A few hours after the Academy of Motion Picture Arts and Sciences announced this summer that it had created a new branch for casting directors, I jumped on the phone with filmmaker Tom Donahue. I’d interviewed Donahue a few weeks earlier for a piece on his new film, “Casting By,” about the evolution of the casting director’s oft-misunderstood role in Hollywood, and I wanted to know whether he thought it coincidence that the Academy’s announcement arrived just days before “Casting By” was scheduled to premiere on HBO.

“I know it probably is not entirely coincidental,” he said. I don’t think he was joking.

I also don’t think he was wrong. Donahue’s film, which took eight years to make, assembled perhaps the greatest collection of Hollywood talent ever in a movie. (How great? So great that George Lucas was left on the cutting room floor. In filmmaking, the exclusion of George Lucas is essential to greatness.) With Clint Eastwood, Al Pacino, Glenn Close, Woody Allen, and dozens more like them providing the star wattage, Donahue turned up the heat on the Academy. His film indicts AMPAS for two crimes: singling out casting directors as the only title-card credited craftspeople denied their own Oscar category and refusing to bestow an honorary Oscar on Marion Dougherty, the pioneering casting director who helped launch countless careers.

In “Casting By,” public enemy No. 1 is former Directors Guild of America president Taylor Hackford, who makes a spectacular ass of himself as he smirks his way through talk-radio-worthy rants against CDs, stopping just short of blaming them for everything from the decline of our democratic process to the functionality of healthcare.gov. But public enemy No. 2 is AMPAS.

No one can know the ways of the Academy, with its snooty airs and (rumored) live-animal sacrifices. But it’s a safe bet that some AMPAS muckety-mucks have eyed “Casting By” warily since it premiered to much acclaim at the 2012 Toronto International Film Festival, where HBO purchased the movie’s distribution rights. For any documentarian not named Herzog, Morris, or Gibney, the best of all possible worlds is one in which an HBO deal awaits. But said deal also relegates a movie to television—film’s lesser-cousin industry, the one where people like Seth MacFarlane, Honey Boo Boo, and the staff of “Morning Joe” ply their trades, and where an Emmy is what passes for being honored by one’s peers.
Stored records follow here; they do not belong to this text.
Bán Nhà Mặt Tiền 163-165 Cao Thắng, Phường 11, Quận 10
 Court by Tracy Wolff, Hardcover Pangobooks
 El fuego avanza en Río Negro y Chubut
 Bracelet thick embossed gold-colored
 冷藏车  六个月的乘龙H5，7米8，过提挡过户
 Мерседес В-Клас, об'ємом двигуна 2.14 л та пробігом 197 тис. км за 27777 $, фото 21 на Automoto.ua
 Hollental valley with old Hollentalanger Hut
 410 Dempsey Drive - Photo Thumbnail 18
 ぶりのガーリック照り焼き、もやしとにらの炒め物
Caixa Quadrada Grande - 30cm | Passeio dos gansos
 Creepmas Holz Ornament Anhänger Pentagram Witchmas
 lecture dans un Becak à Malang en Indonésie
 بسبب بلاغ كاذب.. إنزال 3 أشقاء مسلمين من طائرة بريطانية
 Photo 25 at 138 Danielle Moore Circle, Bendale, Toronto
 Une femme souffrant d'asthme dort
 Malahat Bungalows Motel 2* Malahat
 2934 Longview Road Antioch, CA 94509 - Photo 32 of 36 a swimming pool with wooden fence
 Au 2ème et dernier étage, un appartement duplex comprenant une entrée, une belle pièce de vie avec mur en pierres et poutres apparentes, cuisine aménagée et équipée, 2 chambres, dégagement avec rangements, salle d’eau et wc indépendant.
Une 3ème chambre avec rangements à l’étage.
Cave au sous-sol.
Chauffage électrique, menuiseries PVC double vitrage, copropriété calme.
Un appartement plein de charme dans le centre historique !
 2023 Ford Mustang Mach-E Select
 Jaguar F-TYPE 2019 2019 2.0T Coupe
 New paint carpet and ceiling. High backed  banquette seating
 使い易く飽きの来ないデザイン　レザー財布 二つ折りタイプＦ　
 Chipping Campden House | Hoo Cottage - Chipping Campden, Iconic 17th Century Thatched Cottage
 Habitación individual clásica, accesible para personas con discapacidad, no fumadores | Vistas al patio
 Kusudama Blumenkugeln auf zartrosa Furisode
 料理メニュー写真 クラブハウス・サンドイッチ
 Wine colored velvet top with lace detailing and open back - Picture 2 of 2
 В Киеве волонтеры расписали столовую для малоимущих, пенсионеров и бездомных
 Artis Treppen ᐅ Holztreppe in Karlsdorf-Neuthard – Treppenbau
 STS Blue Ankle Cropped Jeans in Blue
To expand their awards horizon, the producers of “Casting By” have plotted a theatrical release. The first screenings will take place Nov. 1 in New York, followed by a Nov. 8 opening in Los Angeles. An Oscar nomination, or even a win, is not out of the question for a movie as well-made and well-liked as “Casting By.” (One critic, reflecting the general response to the film, called it “a compelling case for a Hollywood-gone-by when gut instincts, risk-taking and a dark-horse mentality could trump corporate meddling and box office slavishness.”) Either would send a clear message to an Academy that appears to be paying attention: The time is overdue for a casting Oscar category and a posthumous recognition of Dougherty. Both would go a long way toward demonstrating that the Academy—whose membership was revealed in a 2012 Los Angeles Times report to be overwhelmingly white, male, and old—is at long last modernizing.

But no Oscar campaign strikes gold unless people see the film. Actors and casting directors should check out a screening of “Casting By” in the coming weeks and encourage others, particularly those who work in the movie business, to do the same. (New Yorkers who want a seat at Backstage’s free screening of the film Nov. 5 at 9 p.m. at Cinema Village can RSVP with their full names and the word “casting” in the subject line to events@backstage.com.) Butts in the seats lead to buzz, which leads to influencers taking notice, which leads to something to do with whatever Malcom Gladwell is always going on about. They also maybe lead to Academy recognition and a huge step toward positive change in the film industry.

Plus, there are worse movies you could go see. A lot of them.

Daniel Holloway is executive editor of Backstage.